With the so-called ‘great resignation’ currently underway, employees are asking themselves if they are really doing what they want to do and if they are genuinely connected to the organization in ways beyond punching a clock and getting a paycheck.

“That’s part of the evolution of the social construct that this five-element approach is meant to serve. It has a reverse value proposition,” Labrecque says. “For example, this approach can reduce turnover or training costs for the employer because employees choose to stay at a job for, let’s say, $32,000 versus finding another one for $34,000 to service some Christmas debt they may have taken on. So, the implications are fairly broad but definitely additive.”

Labrecque likens this approach to a quote attributed to naturalist John Muir: “When one tugs at a single thing in nature, he finds it attached to the rest of the world.

“There is a fabric here in the way that the employer and employee interact socially and professionally that has a direct impact on commercial risk,” he says. “If you measure your employee engagement and net promoter scores, over time, you’ll see that they dance together very well. So, where are you going to invest your time and resources? Are you going to cut corners and staff or are you going to pour your heart, mind, and professional efforts into your employees, so they feel fulfilled and they feel part of the tribe to deliver on behalf of the organization?”

Labrecque believes employers can positively impact the health of their employees over time by focusing on the five elements. For example, he says providing strong financial advice, creating social bonds at work, and helping people feel professionally fulfilled and part of something bigger than themselves with a sense of future belonging can make a significant impact on commercial risk.

“But when you take all five and improve each exponentially year over year, that’s a big deal with a substantial impact,” he says. “The ability to look at this in the mid- to long-term is crucial. We need to talk about what we’re going to do tomorrow, next month, and next year. We need to start thinking of this in terms of decades.”

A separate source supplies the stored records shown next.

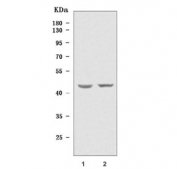 Western blot testing of human 1) Caco-2 and 2) A549 cell lysate with TIMD4 antibody. Predicted molecular weight ~42 kDa.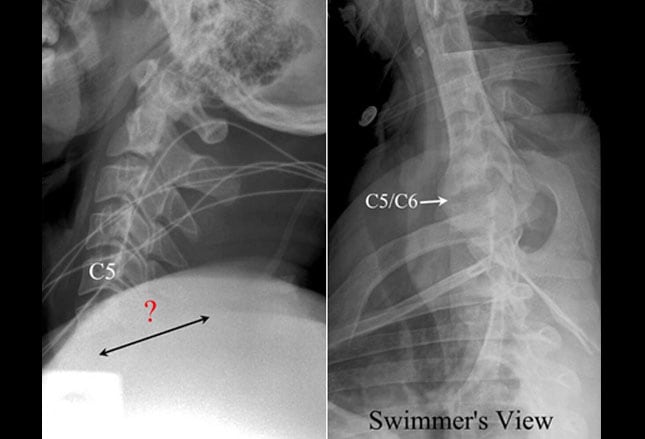 swimmers view x ray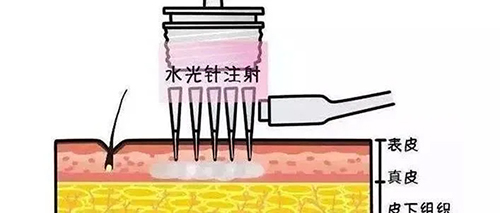 水光針的類型有哪幾種？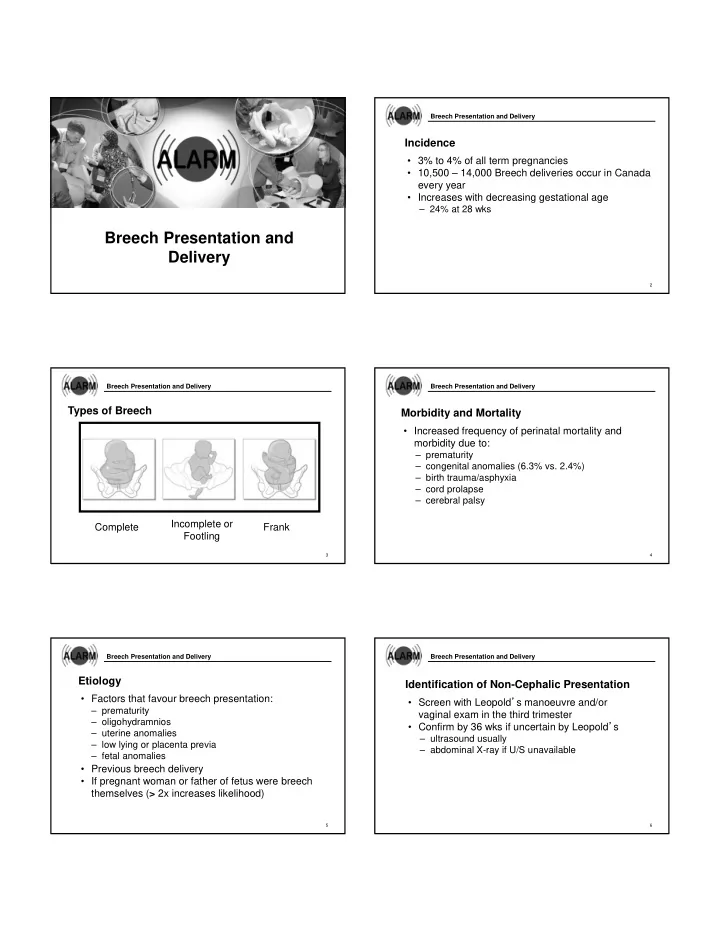 breech presentation and delivery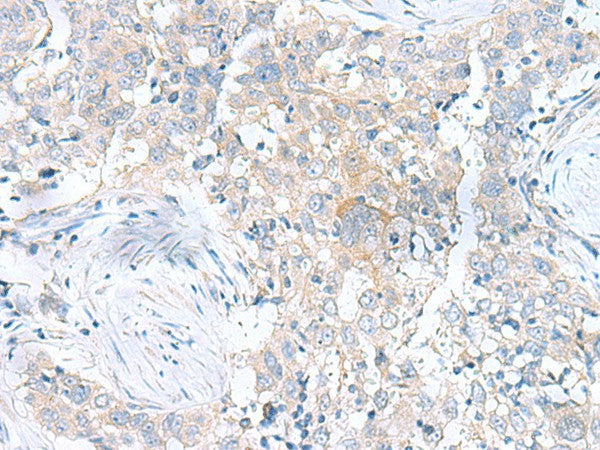 Immunohistochemistry of paraffin-embedded Human esophagus cancer tissue using UBE2F Polyclonal Antibody at dilution of 1:100(×200)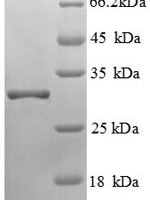 Human  Glutamyl aminopeptidase (ENPEP), partial Recombinant Protein - BioCrest Sci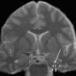 FDA-approved drug rapidly clears amyloid from the brain, reverses Alzheimer's symptoms in mice | 21st Century Innovative Technologies and Developments as also discoveries, curiosity ( insolite)... | Scoop.it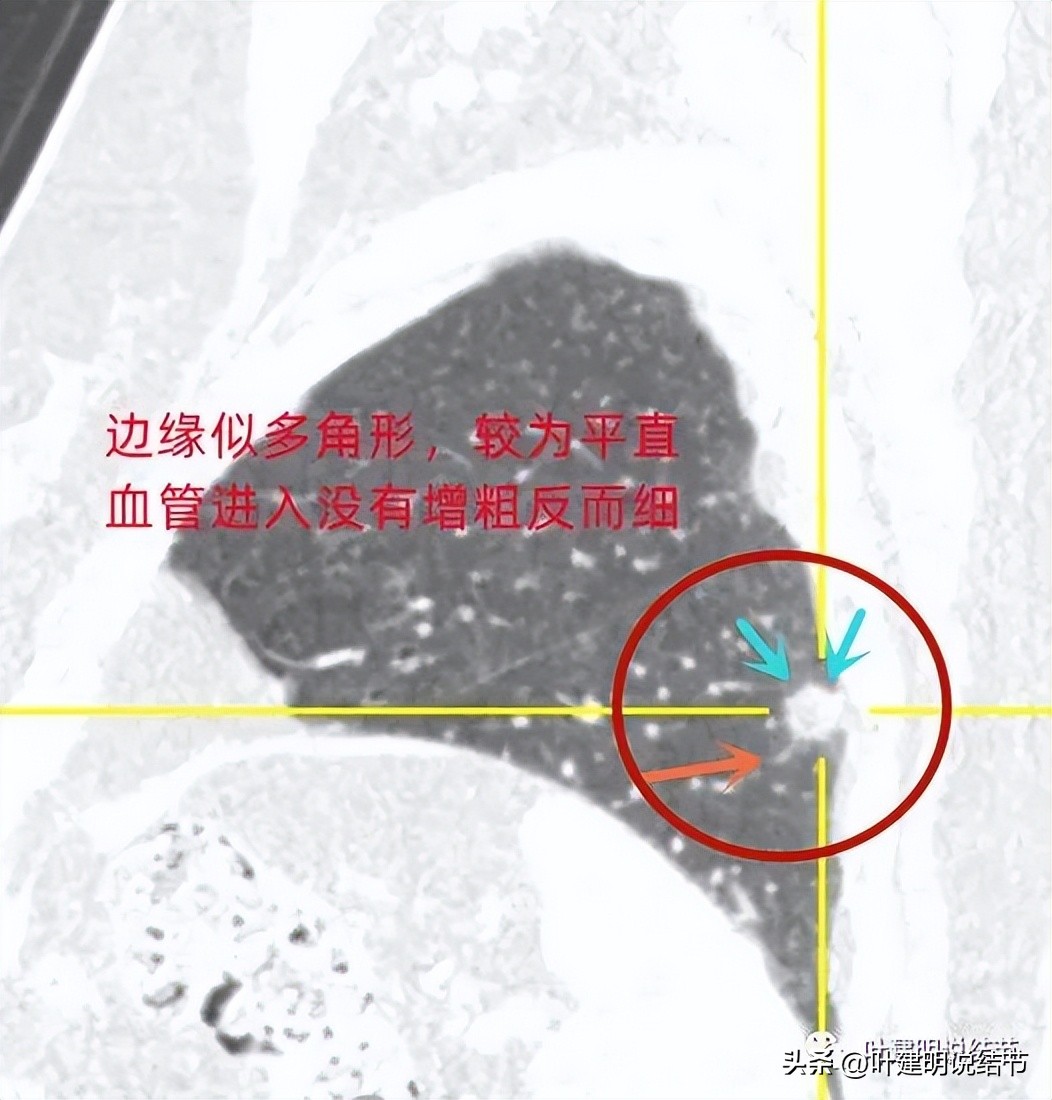 肺结节实性为什么建议抗炎治疗,肺上实性结节抗炎后变成空洞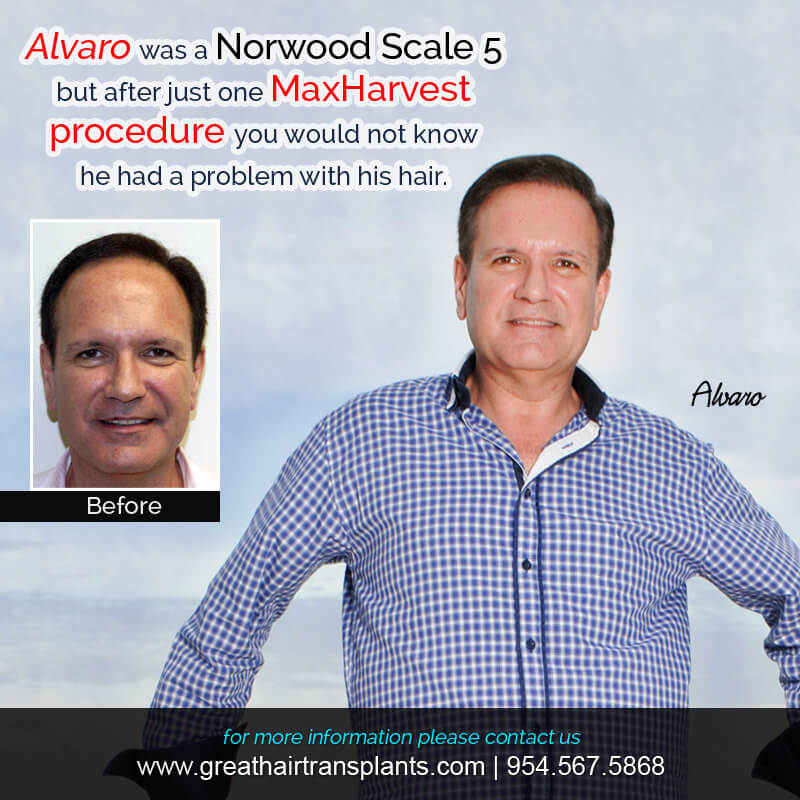 Alvaro - Hair Transplant Update! Before And Afters Difficult Cases Hairline Short Videos 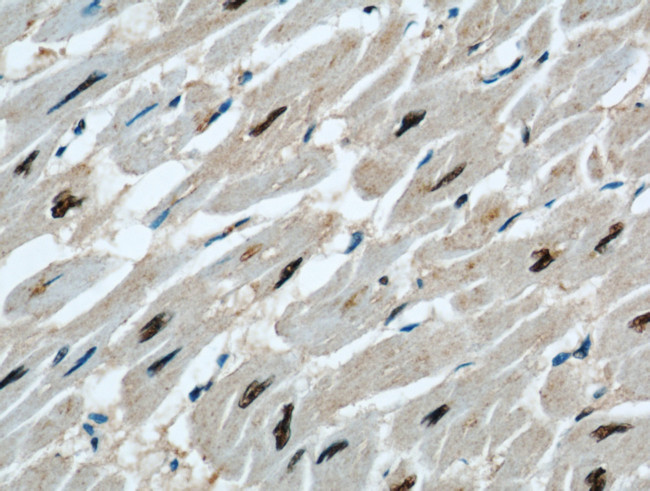 STK17A Antibody in Immunohistochemistry (Paraffin) (IHC (P))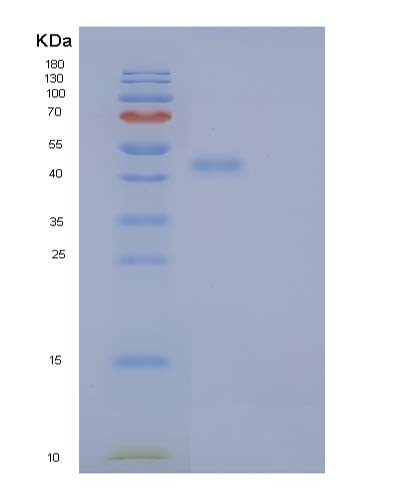 SDS-PAGE analysis of Human ERP44 (Endoplasmic Reticulum Resident Protein 44) - Recombinant Protein, CATHuman ERP44 (Endoplasmic Reticulum Resident Protein 44) - Recombinant Protein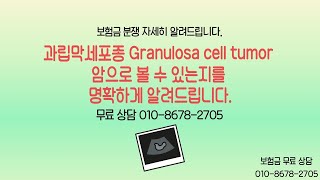 과립막세포종 Granulosa cell tumor 암으로 볼 수 있는지를 명확하게 알려드립니다 보험금 무료 상담 TEL 01086782705 과립막세포종난소과립막세포종 [upl. by Gnak]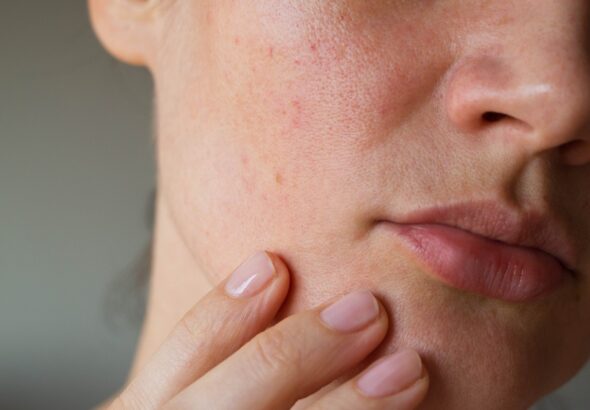 Mikrozáněty, zdraví,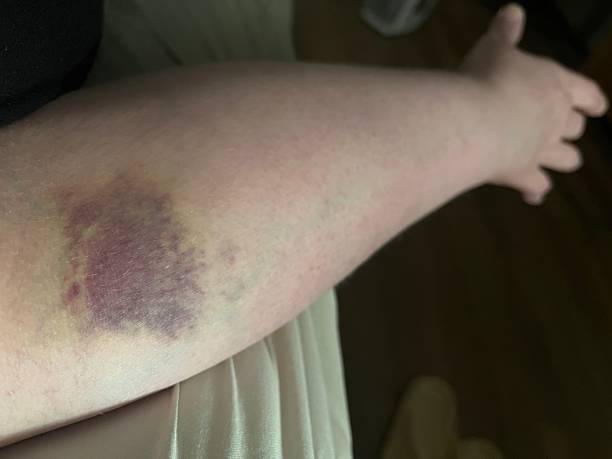istock Bruising caused by blood test needles on inner arm 2216908508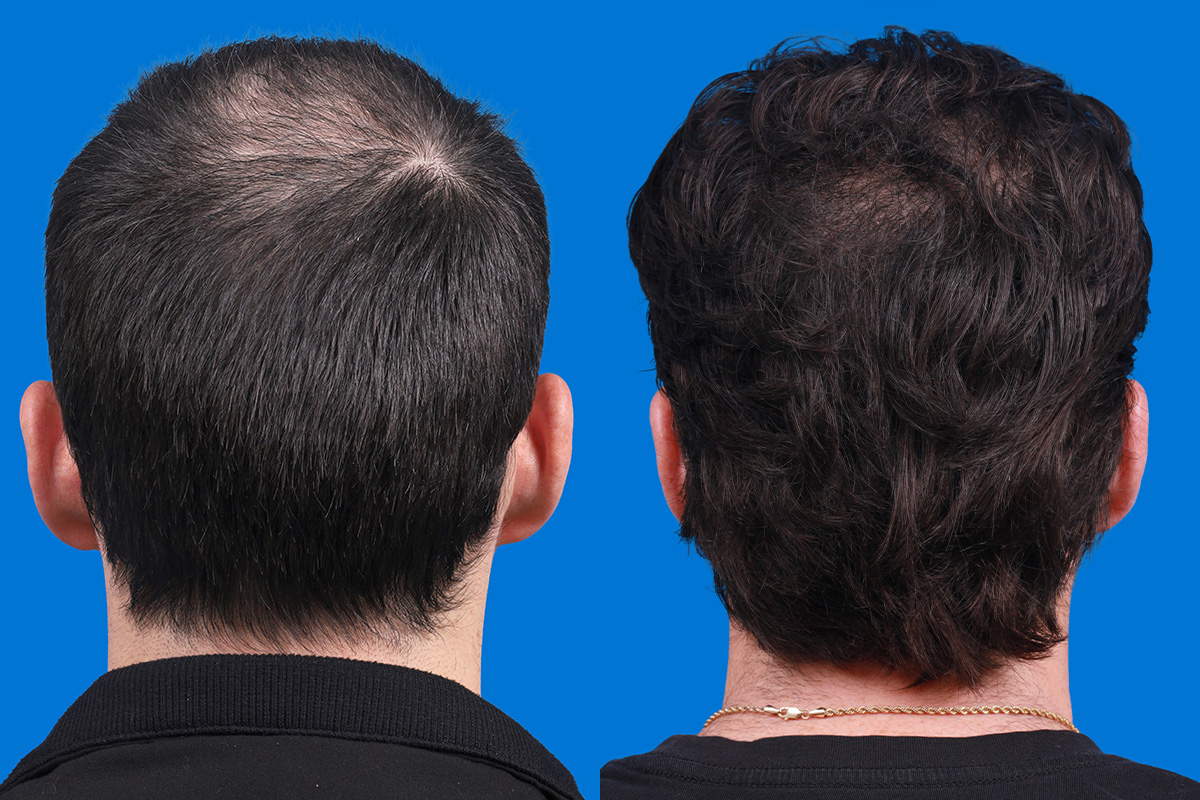 Hair Restoration Before & After Gallery - Patient 377984 - Image 7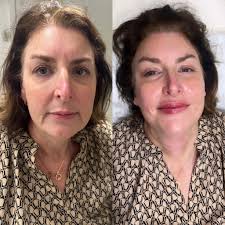 Today's transformation using a combination of dermal fillers and  polyneucleotides. Message to book. All clinics now held at Esthetic
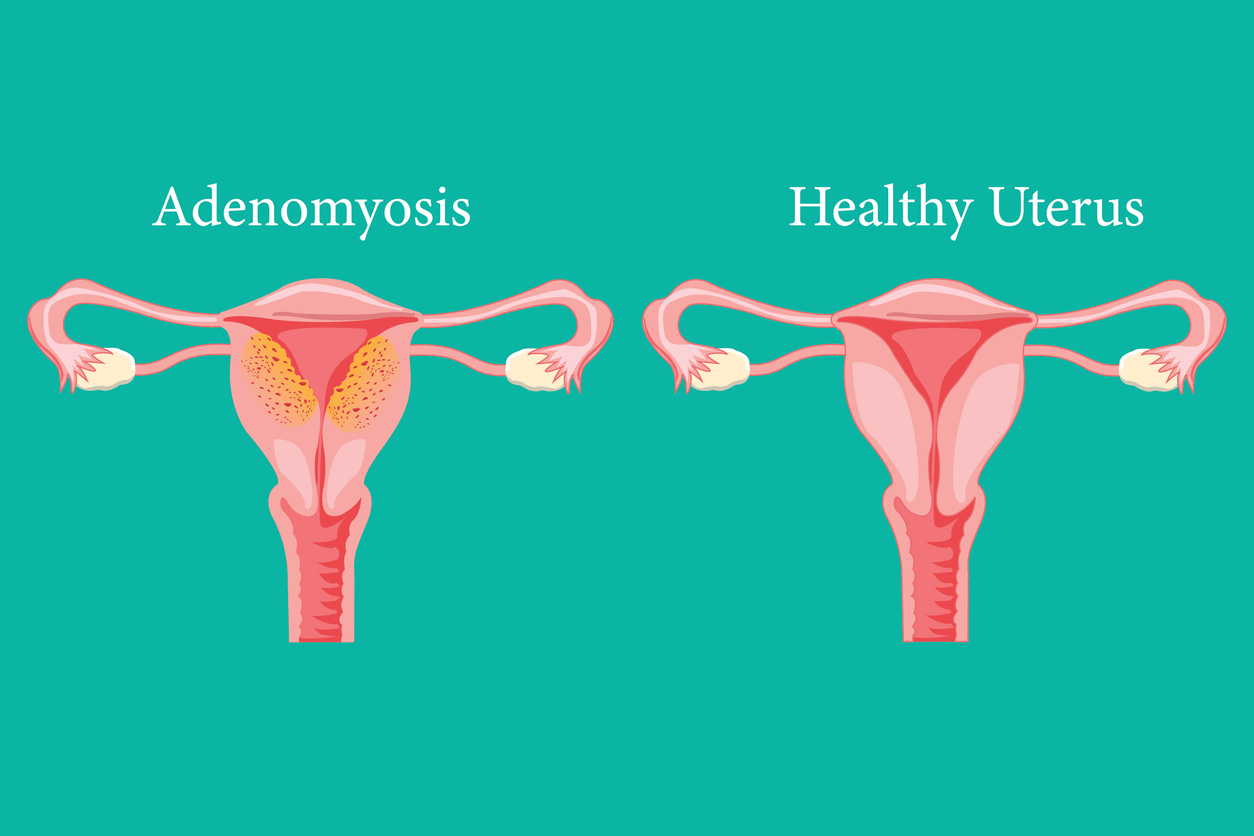 Adenomyosis And Pregnancy Fertility Centers Of New England Adenomyosis And Pregnancy Fertility Centers Of New England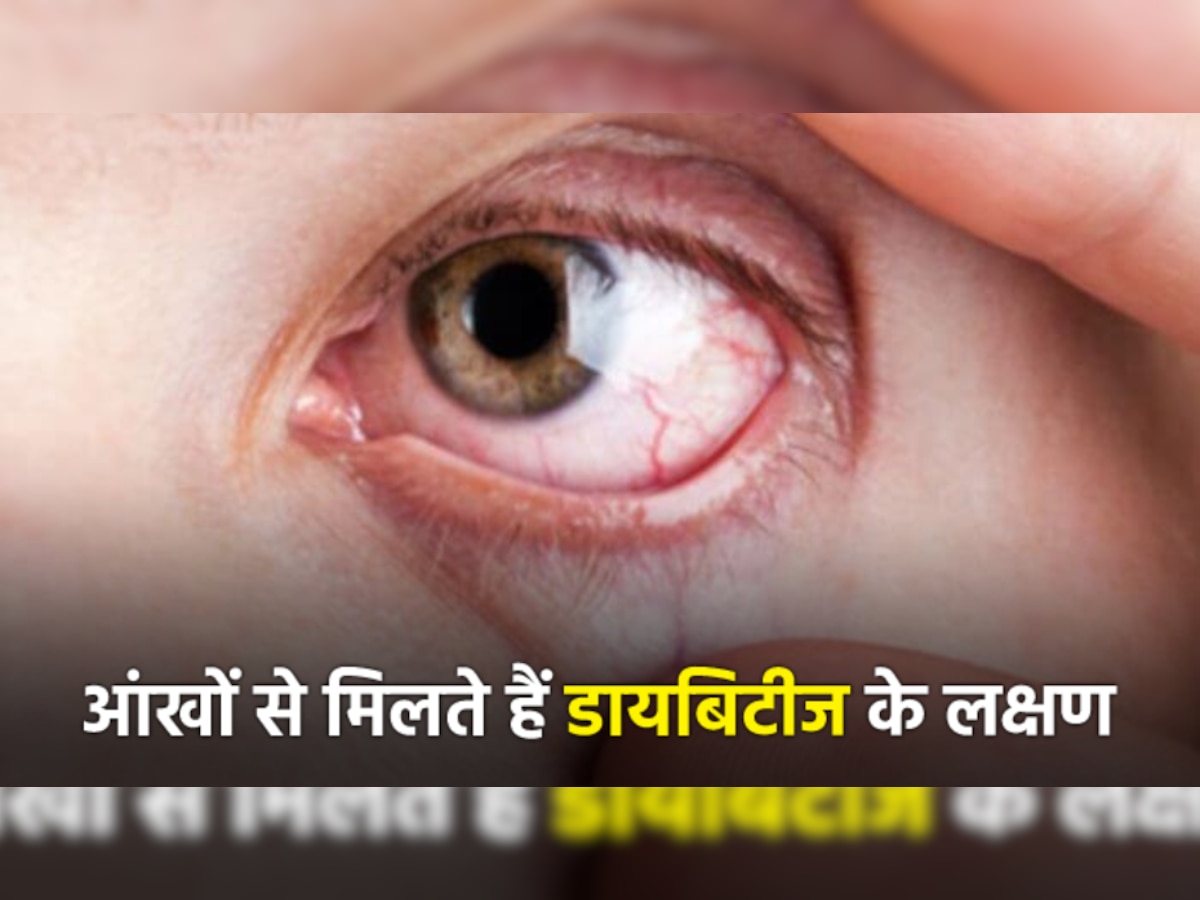 Diabetes Symptoms In Eyes: आंखों में ये 7 बदलाव देते हैं डायबिटीज के संकेत, ध्यान नहीं दिया को शुगर लेवल होगा बेकाबू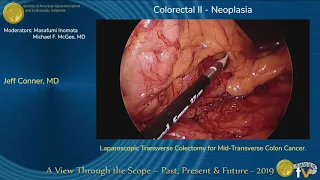 Laparoscopic Transverse Colectomy for Mid-Transverse Colon Cancer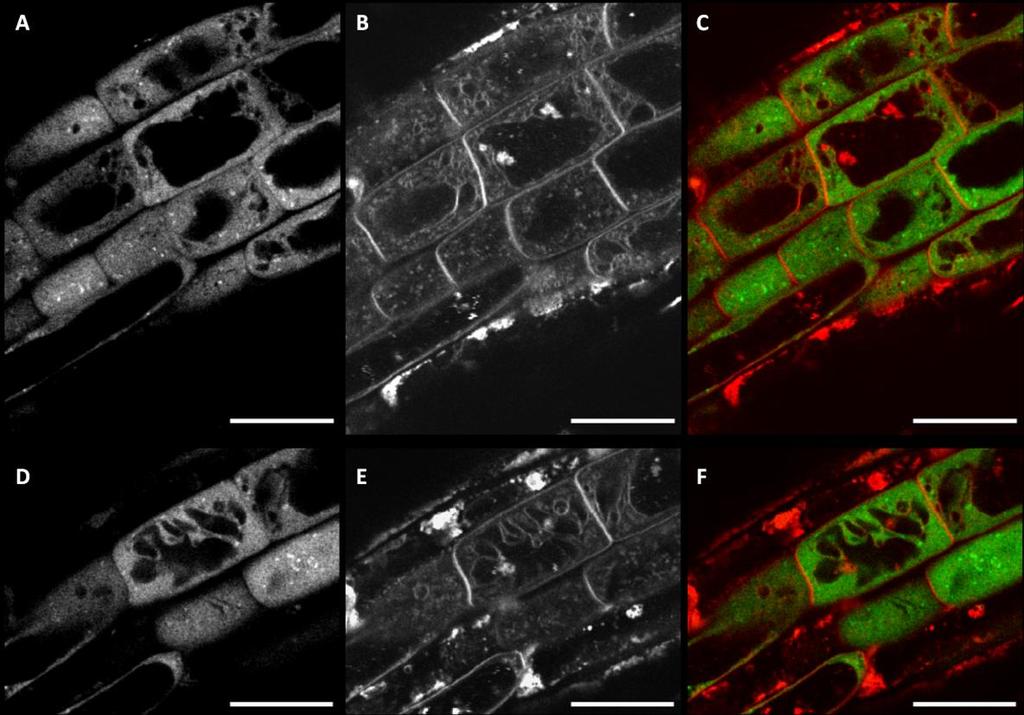 Obr. 26 Pokožka elongační zóny kořene několikadenních rostlin wt Arabidopsis, stabilně transformovaných konstruktem GFP-NtArpC2 (zelený kanál) a indukovaných 2µM estradiolem.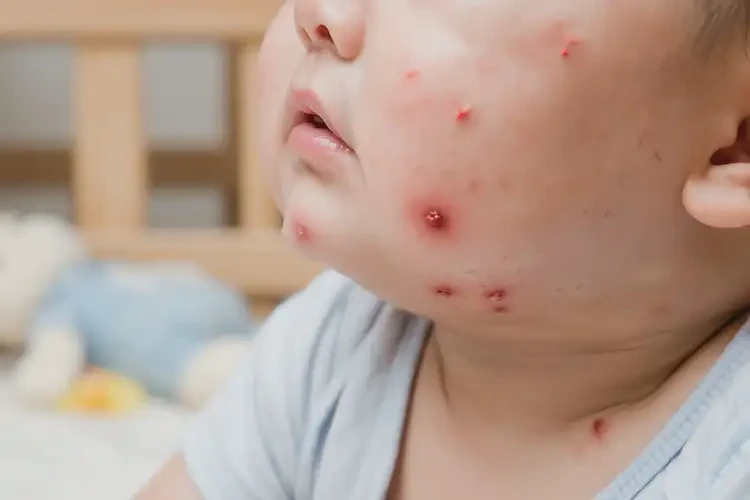 婴幼儿脖子上出湿疹可以治好吗(图4)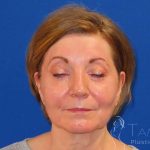 Facelift Before & After Patient #1642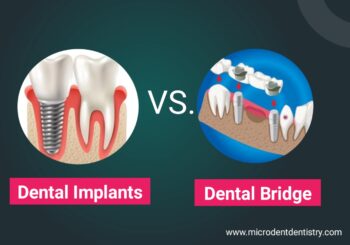 dental implant vs dental bridges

Labrecque entertains the possibility that he might be wrong and encourages others to tell him where it works and where it doesn’t work.

“Ultimately, I think you can never be too humane, and you can never, as an employer, pour enough into your employees because they will repay you in ways that you never thought possible,” he says. “Even if you improve at 10%, your traditionally measured results like EBITDA, profit and loss, top-line revenue, client lifetime value, and net promoter scores would be off the charts. This approach is meant to amplify what we’re already doing and, by the way, reduce risk, reduce turnover, reduce training costs, engage people, and increase your net promoter scores by increasing your employee engagement in a powerful way.”